By Mario Ricciardi
Making a Christmas break splash is DC Comics’ “Aquaman” directed by James Wan. “Aquaman” stars — and don’t hold your breath — Jason Momoa, Amber Heard, Patrick Wilson, Yahya Abdul-Manteen II, Dolph Lundgren, Nicole Kidman, Willem Dafoe and Randall Park. Wait, I’m not done yet. Julie Andrews also shows up in an uncredited role to stick it to Disney.
Yup. Read closely Disney, Julie Andrews passed up a cameo in “Mary Poppins Returns” to act in an Aquaman movie. Not hurt enough? It’s a minor voice acting role. Note to editor: can we please put that photo of the animated “Aquaman” riding a seahorse here?
I can’t believe I just called out the Walt Disney Corporation in a public form of communication. If this makes it to print, and your fifth favorite movie critic goes missing, tell the cops to start at the House of Mouse. Be blunt about it if you suggest it, they might think it was you. Who am I kidding, the cops are probably in on the take. If I’m ever to be avenged and it’s not too much trouble with me down there as fifth favorite, take matters into your own hands.
“Aquaman” is as much an ensemble cast as can be, and it’s hard not to wonder whether or not the group decided to be in the movie just to stick it to the powers that be (not just “Mary Poppins”). “Aquaman” is joyously goofy, jumps all over the place tonally and under James Wan’s direction the actors totally sell it.
From technical and visual standpoints the film is breathtaking. Director James Wan is a little genius, (I say “little” because IMDb has his height listed as 5’3 ½”). Sure, IMDb won’t give me Steven Spielberg’s contact information to pitch my movie to him, but they’ll let me know which directors can ride roller coasters at Cedar Point.
It should be noted that James Wan, director of mind-bending horror flicks “Saw,” “Insidious,” “Insidious: Chapter 2” and “The Conjuring” films, succeeds in the action genre as well. That comment is mostly due to his work on “Fast and Furious 7” — the only “Fast and Furious” I will allow myself to break the bonds of masculinity to cry at. Ultimately, “Aquaman” is an action movie, too. Its tone is just too scattered to pigeonhole it there.
Hey, speaking of liquids leaving my body, I am going to take it upon myself to warn you that “Aquaman” is not the movie to drink fluids before. There is so much water in the movie. So. Much. Water. It’s everywhere you look. And, yeah, I guess with the hero’s namesake I should’ve seen that coming, but you know what, I’m not going to defend myself here.
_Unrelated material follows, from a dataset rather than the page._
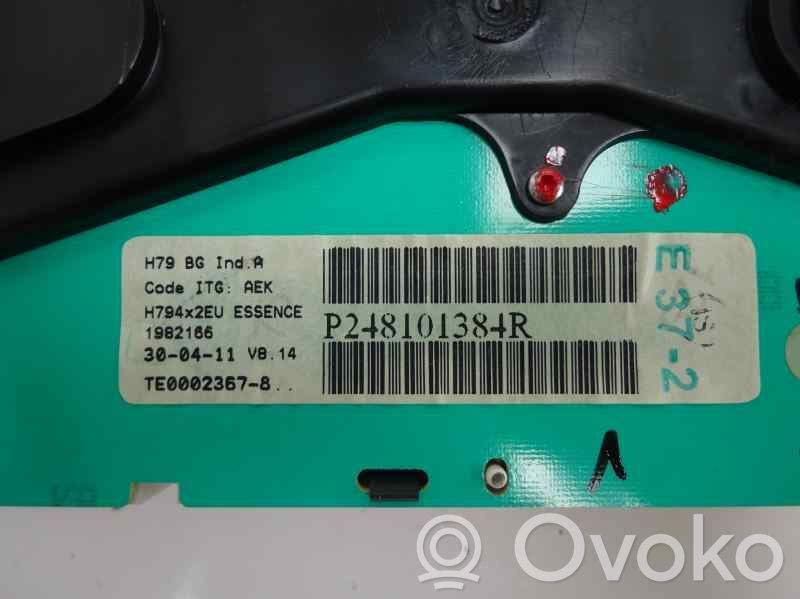 Dacia Duster Speedometer (instrument cluster)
Let’s just say I blame the marketing guys, and I squirmed through the second half of the movie for this review’s sake. I would hope that effort bumps me up to at least fourth favorite movie reviewer.
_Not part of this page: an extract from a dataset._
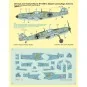 Bf 109E-4 German Ace H. Wick Decal Motley Camo, 1/72 - MPM 100-K72031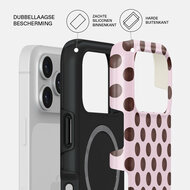 Burga Tough MagSafe iPhone 17 Pro hoesje new crush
As “Aquaman” progresses, it slips into a sillier and sillier version of what the DC Comics movies originally set out to do with the character. Zack Snyder’s approach to “Aquaman” was to make him cool, James Wan’s approach is to search deep down for what makes “Aquaman” who he is and then completely own it without remorse.
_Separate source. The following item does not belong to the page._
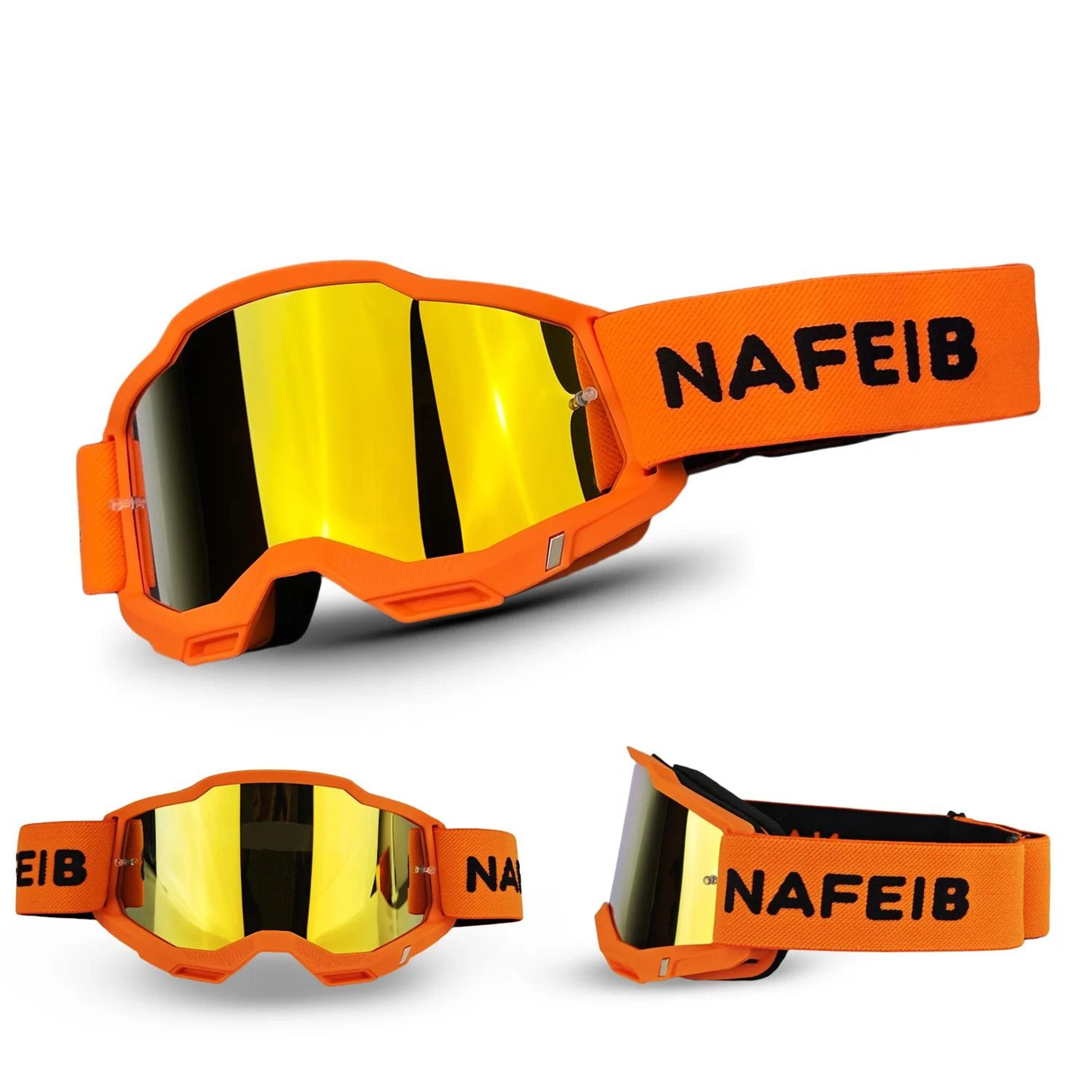 UltraCompact UV400 Motocross  OffRoad Sports Goggles 1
On a side, if you take the kernels of wisdom from that last sentence my review just taught you how to survive high school. Third favorite reviewer now?
“Aquaman” offers a unique blend of tones and visuals to offer a very exciting movie. In a time when comic book movies are taken so seriously, “Aquaman” reminds that these are comic book movies that we are taking seriously. Let me repeat that, just because we’re here right now: these are comic book movies that we are taking seriously.